— DATASET EXCERPT —
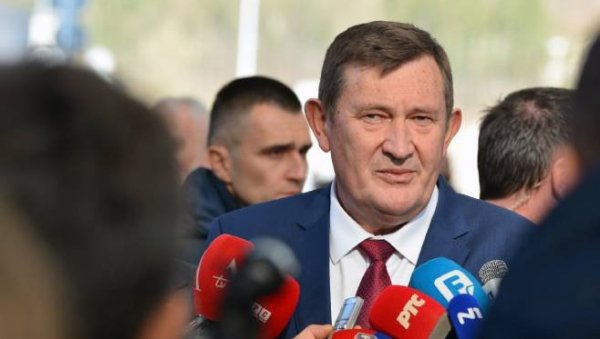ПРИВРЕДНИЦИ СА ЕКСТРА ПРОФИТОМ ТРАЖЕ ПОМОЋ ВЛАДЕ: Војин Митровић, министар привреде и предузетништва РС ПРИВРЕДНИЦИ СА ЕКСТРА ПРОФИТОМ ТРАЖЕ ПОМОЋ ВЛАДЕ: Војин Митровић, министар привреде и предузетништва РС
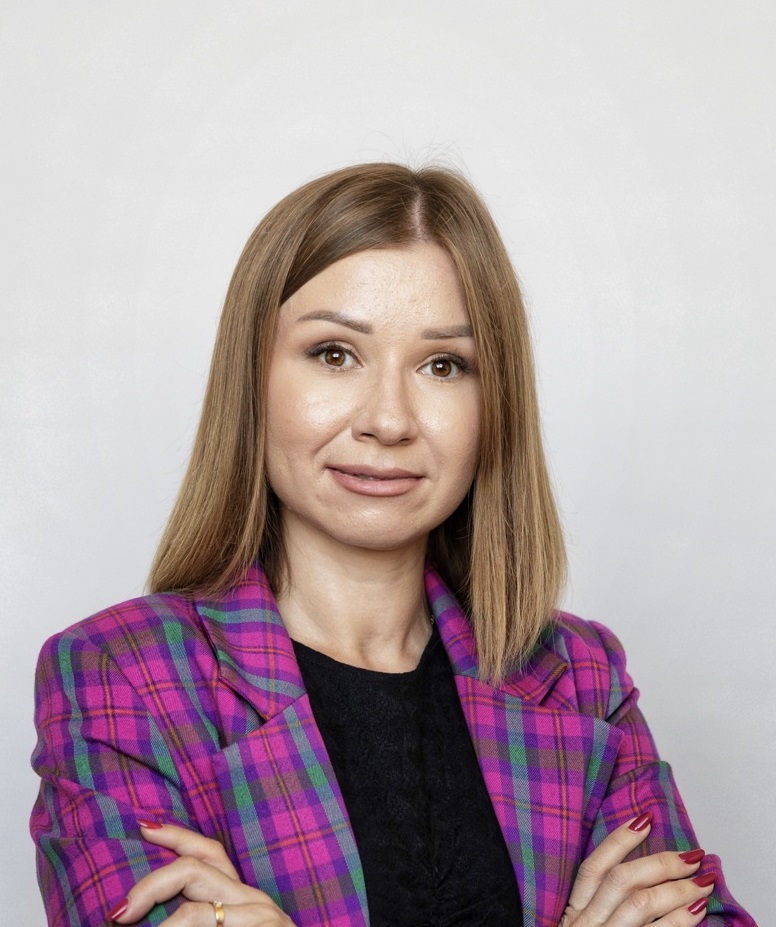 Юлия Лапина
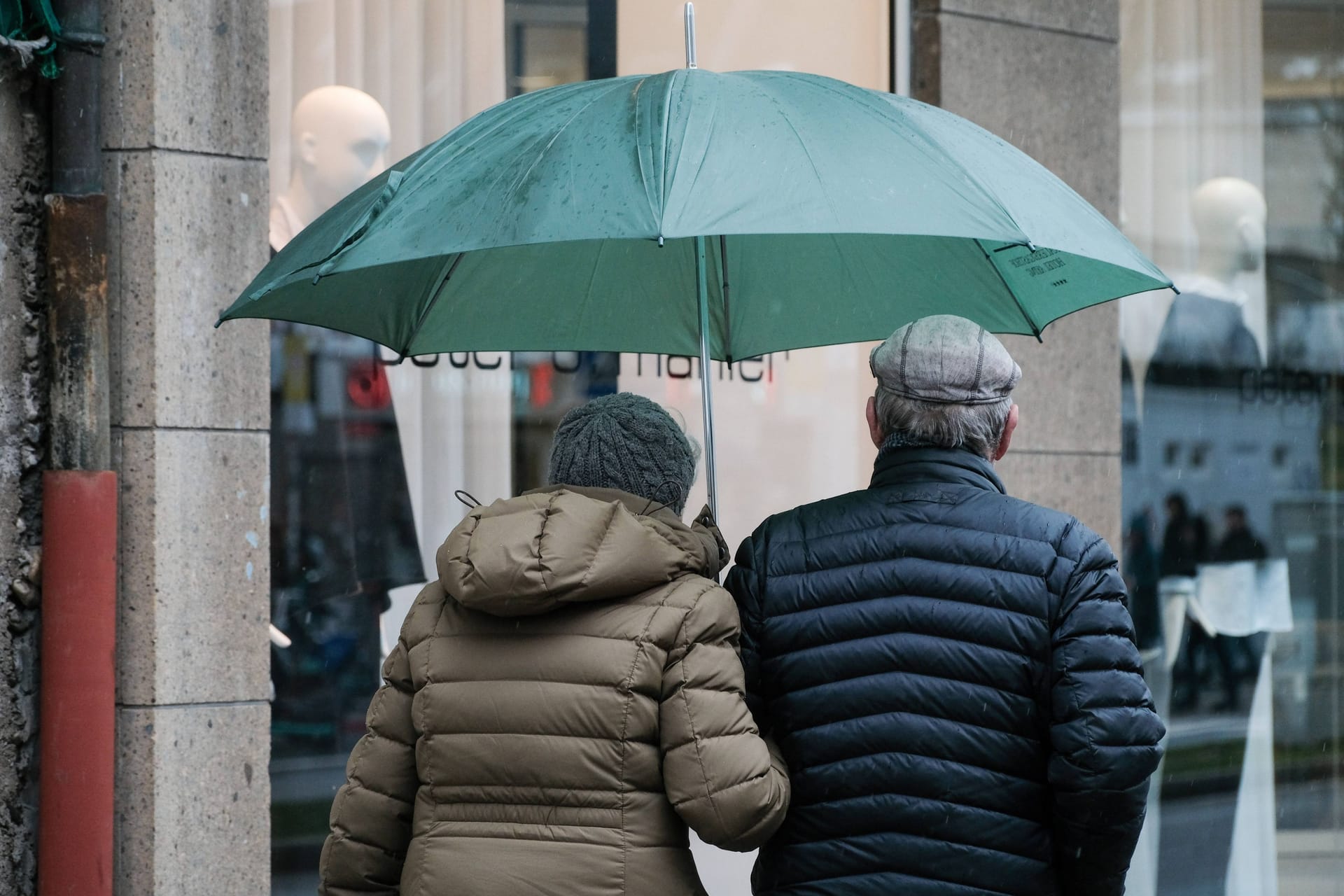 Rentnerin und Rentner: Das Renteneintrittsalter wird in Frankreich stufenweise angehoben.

— WORK REQUEST —
Please copy the data shown above precisely, leaving the images out.

— WRITTEN ANSWER —
ПРИВРЕДНИЦИ СА ЕКСТРА ПРОФИТОМ ТРАЖЕ ПОМОЋ ВЛАДЕ: Војин Митровић, министар привреде и предузетништва РС ПРИВРЕДНИЦИ СА ЕКСТРА ПРОФИТОМ ТРАЖЕ ПОМОЋ ВЛАДЕ: Војин Митровић, министар привреде и предузетништва РС
 Юлия Лапина
 Rentnerin und Rentner: Das Renteneintrittsalter wird in Frankreich stufenweise angehoben.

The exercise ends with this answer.